Web page caption snippets:
********
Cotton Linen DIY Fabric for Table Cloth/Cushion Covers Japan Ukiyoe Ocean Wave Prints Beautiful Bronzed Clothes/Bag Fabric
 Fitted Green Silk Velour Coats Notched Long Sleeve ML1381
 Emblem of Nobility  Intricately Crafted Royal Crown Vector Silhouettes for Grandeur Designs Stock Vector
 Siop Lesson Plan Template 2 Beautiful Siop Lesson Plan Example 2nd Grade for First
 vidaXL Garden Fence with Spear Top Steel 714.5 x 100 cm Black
********
**WHAT TO WORK ON**
Only the lines from the one containing "Fitted Green Silk" through the last line of the entries above should be copied, exactly as written.

**FINAL ANSWER**
 Fitted Green Silk Velour Coats Notched Long Sleeve ML1381
 Emblem of Nobility  Intricately Crafted Royal Crown Vector Silhouettes for Grandeur Designs Stock Vector
 Siop Lesson Plan Template 2 Beautiful Siop Lesson Plan Example 2nd Grade for First
 vidaXL Garden Fence with Spear Top Steel 714.5 x 100 cm Black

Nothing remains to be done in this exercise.